-- Goal of the exercise --
Which lines of the material hold the word "police"? Copy each one.

* * *

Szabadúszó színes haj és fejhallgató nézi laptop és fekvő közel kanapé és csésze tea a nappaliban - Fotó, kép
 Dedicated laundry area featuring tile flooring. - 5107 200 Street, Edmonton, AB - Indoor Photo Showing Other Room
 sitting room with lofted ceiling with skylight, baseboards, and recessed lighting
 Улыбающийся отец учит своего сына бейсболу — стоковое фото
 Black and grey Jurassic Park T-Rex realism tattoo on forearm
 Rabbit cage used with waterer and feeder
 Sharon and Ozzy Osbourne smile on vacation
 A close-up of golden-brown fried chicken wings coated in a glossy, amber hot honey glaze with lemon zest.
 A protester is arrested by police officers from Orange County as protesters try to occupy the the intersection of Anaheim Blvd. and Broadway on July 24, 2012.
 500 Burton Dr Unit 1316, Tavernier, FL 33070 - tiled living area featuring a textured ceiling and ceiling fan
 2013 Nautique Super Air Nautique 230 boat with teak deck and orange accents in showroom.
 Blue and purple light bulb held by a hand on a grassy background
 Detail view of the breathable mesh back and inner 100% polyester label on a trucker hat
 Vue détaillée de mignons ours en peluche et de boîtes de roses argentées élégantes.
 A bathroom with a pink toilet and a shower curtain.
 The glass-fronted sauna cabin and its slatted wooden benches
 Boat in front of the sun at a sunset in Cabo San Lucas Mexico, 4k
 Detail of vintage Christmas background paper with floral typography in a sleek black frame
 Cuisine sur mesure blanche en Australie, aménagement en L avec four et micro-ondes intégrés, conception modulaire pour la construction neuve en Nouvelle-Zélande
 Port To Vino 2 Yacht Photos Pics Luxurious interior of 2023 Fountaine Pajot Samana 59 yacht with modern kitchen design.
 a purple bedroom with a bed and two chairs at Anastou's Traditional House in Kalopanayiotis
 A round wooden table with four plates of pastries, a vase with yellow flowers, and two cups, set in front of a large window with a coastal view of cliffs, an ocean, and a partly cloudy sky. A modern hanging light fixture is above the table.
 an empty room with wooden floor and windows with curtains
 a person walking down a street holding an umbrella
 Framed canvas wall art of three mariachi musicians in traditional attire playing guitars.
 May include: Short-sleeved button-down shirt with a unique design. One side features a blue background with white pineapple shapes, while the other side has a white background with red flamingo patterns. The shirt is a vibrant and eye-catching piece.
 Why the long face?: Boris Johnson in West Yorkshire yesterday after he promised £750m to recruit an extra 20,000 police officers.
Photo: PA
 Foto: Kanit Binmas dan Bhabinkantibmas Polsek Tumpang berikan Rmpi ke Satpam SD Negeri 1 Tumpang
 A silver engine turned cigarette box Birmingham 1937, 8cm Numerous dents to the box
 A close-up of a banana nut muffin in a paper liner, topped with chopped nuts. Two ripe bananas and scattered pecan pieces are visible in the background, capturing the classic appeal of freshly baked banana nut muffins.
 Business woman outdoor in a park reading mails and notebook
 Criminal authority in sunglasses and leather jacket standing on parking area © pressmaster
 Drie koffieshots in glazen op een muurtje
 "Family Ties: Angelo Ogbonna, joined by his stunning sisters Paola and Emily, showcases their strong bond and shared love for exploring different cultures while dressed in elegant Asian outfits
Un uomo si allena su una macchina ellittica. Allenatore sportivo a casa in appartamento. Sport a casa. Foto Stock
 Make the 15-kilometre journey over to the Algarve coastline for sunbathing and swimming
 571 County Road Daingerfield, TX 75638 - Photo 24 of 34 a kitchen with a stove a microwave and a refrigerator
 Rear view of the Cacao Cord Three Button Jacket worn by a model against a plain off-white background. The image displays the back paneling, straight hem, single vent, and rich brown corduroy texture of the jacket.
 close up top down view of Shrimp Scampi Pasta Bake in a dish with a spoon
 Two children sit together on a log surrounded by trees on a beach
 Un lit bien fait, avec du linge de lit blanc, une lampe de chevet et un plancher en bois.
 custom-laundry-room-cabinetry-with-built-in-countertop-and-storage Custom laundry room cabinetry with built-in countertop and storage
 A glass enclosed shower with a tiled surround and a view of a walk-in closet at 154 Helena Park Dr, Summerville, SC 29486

* * *

-- Solution to the problem --
 A protester is arrested by police officers from Orange County as protesters try to occupy the the intersection of Anaheim Blvd. and Broadway on July 24, 2012.
 Why the long face?: Boris Johnson in West Yorkshire yesterday after he promised £750m to recruit an extra 20,000 police officers.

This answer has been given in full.